Bobby Jindal has threatened for weeks to act if Louisiana’s legislature didn’t move to protect businesses threatened with state sanctions for refusing to participate in same-sex weddings. When Democrats used a procedural move to sideline a bill addressing the issue, Jindal didn’t waste much time. Just hours afterward, he announced that he would sign an executive order forbidding any state enforcement of penalties in those situations:
Gov. Bobby Jindal issued a statement Tuesday (May 19) saying he plans to issue an executive order to enforce the intent of a religious freedom bill that effectively died about two hours earlier, in the House Civil Law and Procedure Committee.
Read the full statement below:
“We are disappointed by the committee’s action to return the Louisiana Marriage and Conscience Act to the calendar. We will be issuing an Executive Order shortly that will accomplish the intent of HB 707 to prevent the state from discriminating against persons or entities with deeply held religious beliefs that marriage is between one man and one woman.
“This Executive Order will prohibit the state from denying or revoking a tax exemption, tax deduction, contract, cooperative agreement, loan, professional license, certification, accreditation, or employment on the basis the person acts in accordance with a religious belief that marriage is between one man and one woman.”
As The Hill’s Ben Kamisar notes, most of the rest of the governors involved in this issue ran the other direction. In large part, that momentum resulted from media coverage such as this from WGNO:
There’s not much doubt what WGNO wanted its viewers to think, but neither the bill nor the EO sanctions bigotry. Both are meant to prevent people from using the power of the state to demand forced participation in events that violate the religious principles of business owners. Neither would prevent the state from pursuing legitimate cases of discrimination. It’s a specification for the application of the RFRA laws that states and the federal government passed to wide bipartisan consensus over the last two decades, up until it ran up against the desire of the Left to enforce participation and celebration rather than provide for tolerance.
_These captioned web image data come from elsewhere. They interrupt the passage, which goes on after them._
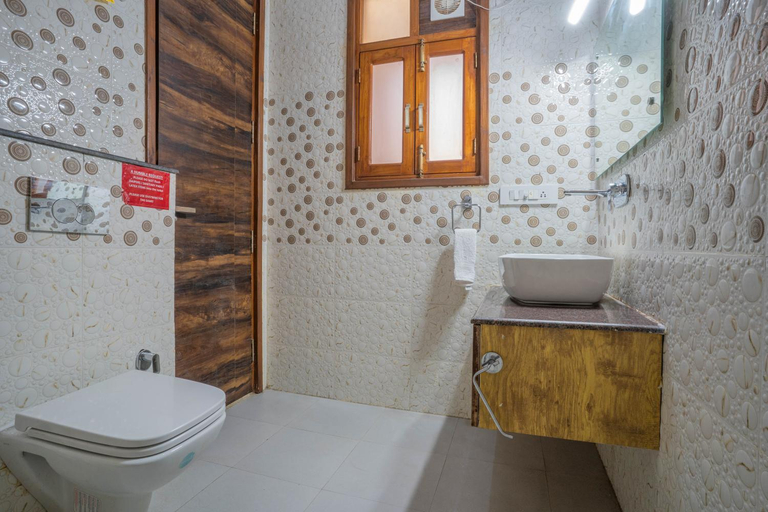 Bathroom 2, 2BR private Serviced Apartments near Artemis, Medanta, Fortis Gurgaon with longstay facility, Gurgaon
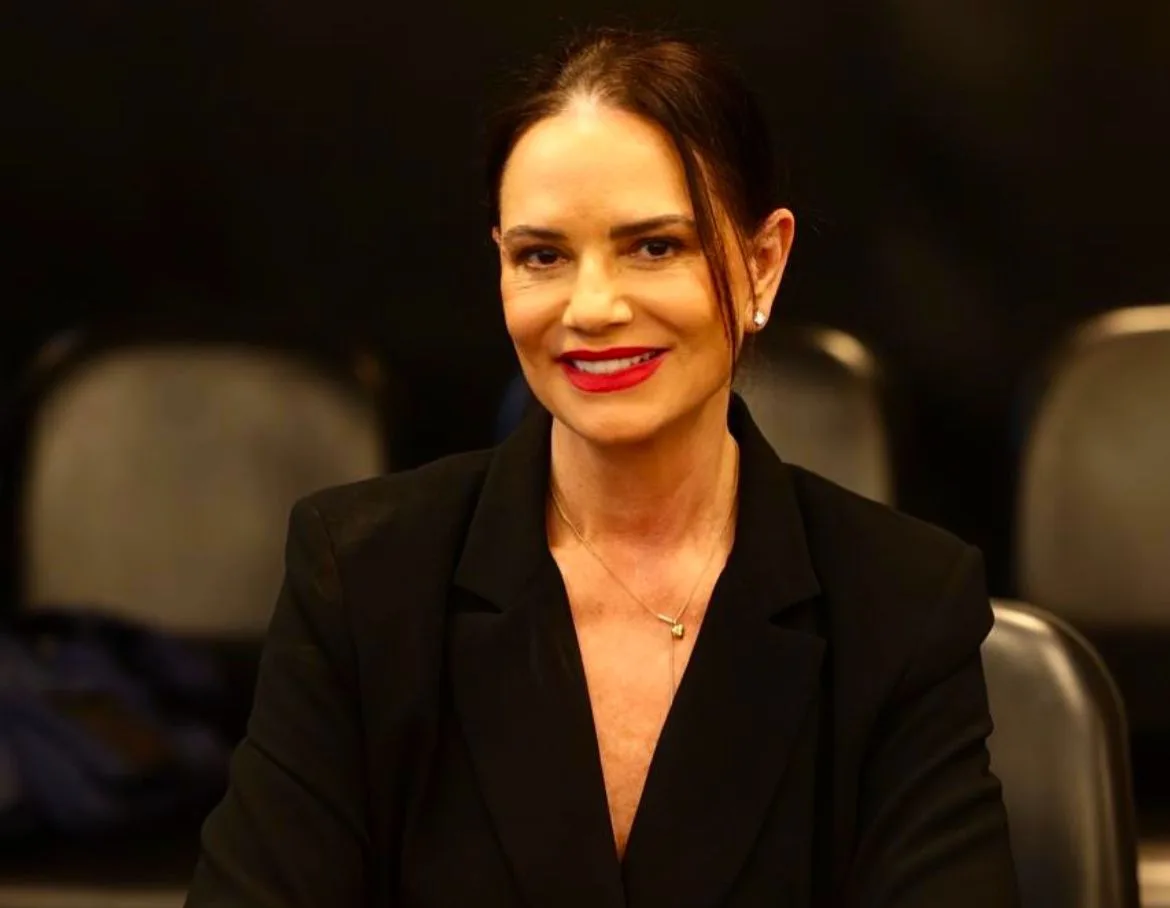 Luiza Brunet se revolta com indenização de R$ 150 mil por agressão de ex: “Pouco”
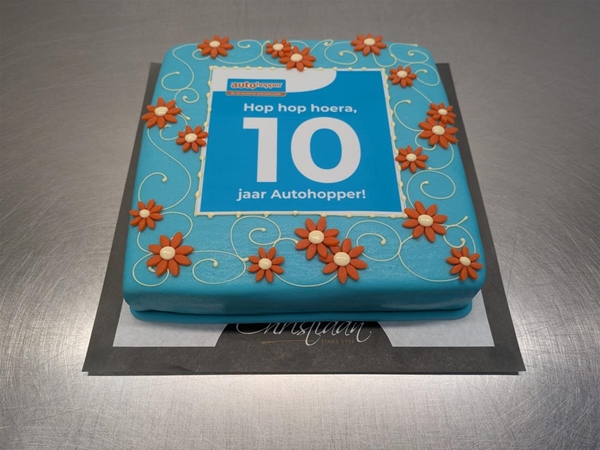 Logo taart 16 personen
Jindal isn’t sitting passively on the PR effort, either. The American Future Project, the PAC supporting Jindal’s presumed presidential run, launched a new 30-second spot in defense of his action. The takeaway line comes last — “The United States of America didn’t create religious liberty — religious liberty created the United States of America.”
Don’t expect to see too many other governors go this far in dealing with this issue. Most of them would rather not get involved in the fight, especially after the way Mike Pence got ripped in the national media earlier this year. Whether it’s wise or not, Jindal doesn’t seem to mind fighting for this particular political hill.